WHAT IS BEING ASKED:
An exact copy of all the data is required, with pictures left out.

GIVEN DATA:

########

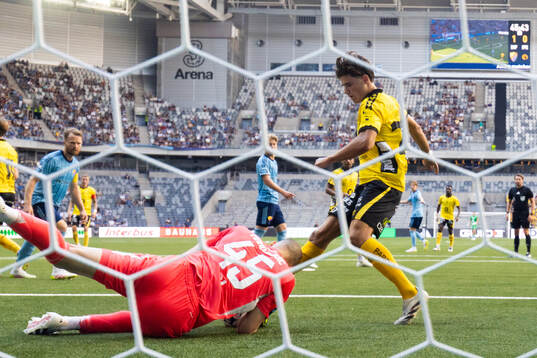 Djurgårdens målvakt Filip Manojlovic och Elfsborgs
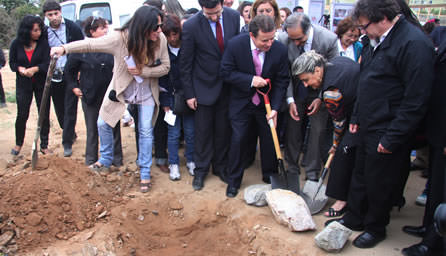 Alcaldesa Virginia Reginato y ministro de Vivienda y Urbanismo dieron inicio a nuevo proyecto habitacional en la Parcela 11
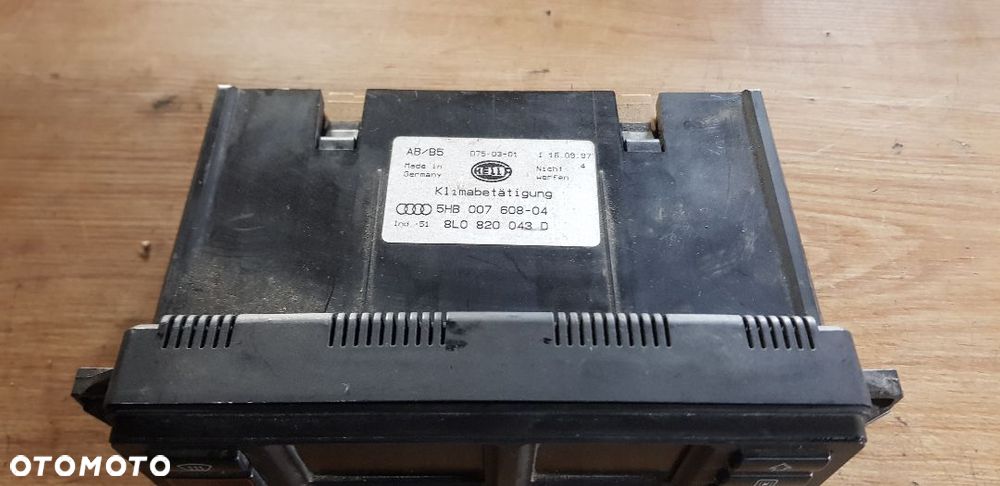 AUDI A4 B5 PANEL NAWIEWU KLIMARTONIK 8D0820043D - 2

########

SOLUTION TO THIS PROBLEM:
 Djurgårdens målvakt Filip Manojlovic och Elfsborgs
 Alcaldesa Virginia Reginato y ministro de Vivienda y Urbanismo dieron inicio a nuevo proyecto habitacional en la Parcela 11
 AUDI A4 B5 PANEL NAWIEWU KLIMARTONIK 8D0820043D - 2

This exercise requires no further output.